We need go no further. Since the instant offense of conviction was not a "crime of violence," Bell was not a career offender within the purview of U.S.S.G. § 4B1.1. Therefore, he was improperly sentenced. Accordingly, we vacate his sentence and remand to the district court for resentencing.
* Of the District of Puerto Rico, sitting by designation.
1. The term "crime of violence" is defined in U.S.S.G. § 4B1.2 (Nov. 1990). Except where otherwise indicated, all references to the sentencing guidelines are to the November 1990 version (in effect at the time of sentencing).
2. The government agrees that, in Bell's case, the offense of conviction is not "a controlled substance offense" within the meaning of U.S.S.G. § 4B1.1.
3. The relevant language in both 18 U.S.C. § 924(e)(2)(B) and U.S.S.G. § 4B1.2 defines violent felony and crime of violence, respectively, as any crime which "has as an element the use, attempted use, or threatened use of physical force against the person of another" or which "presents a serious potential risk of physical injury to another."
4. The Taylor Court mentioned a possible exception to this categorical approach "where a single statutory provision defines several different crimes." Doe, 960 F.2d at 224 [slip op. at 8-9] (explaining Taylor exception to categorical approach); see also Harris,. . .F.2d at . . .[slip op. at 2-6]. The exception, however, is irrelevant for purposes of this case.
5. Although the circuits are split on whether a categorical approach is required in career offender cases, compare, e.g., United States v.
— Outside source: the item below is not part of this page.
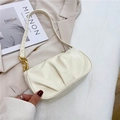 Bolso de hombro plisado color crema con cadena dorada en un escenario de moda - Blanco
Cornelius, 931 F.2d 490, 493 (8th Cir. 1991) (court may look at underlying facts to determine whether felon-in-possession is crime of violence for purposes of career offender guideline), with, e.g., United States v. Shano, 955 F.2d 291, 295 (5th Cir.) (contra), cert. denied, 118 L. Ed. 2d 201, 112 S. Ct. 1520 (1992), only the Tenth Circuit treats felon-in-possession more harshly as a triggering offense than as a "candidate" predicate offense. See United States v. Walker, 930 F.2d 789, 793-95 (10th Cir. 1991) (for purposes of career offender guideline, when examining predicate offenses, court may look only to elements of crime as charged, but when examining current offense, court may look to actual conduct of defendant). With respect, we cannot subscribe to such a double standard.
6. In fairness to the court below, we note that Bell was sentenced before this court decided Doe.
7. It must be remembered that U.S.S.G. § 4B1.2 uses language identical to this language in defining "crime of violence."
8. In Doe, this court specifically refused to follow the decision in Stinson. See Doe, 960 F.2d at 222, 225-226.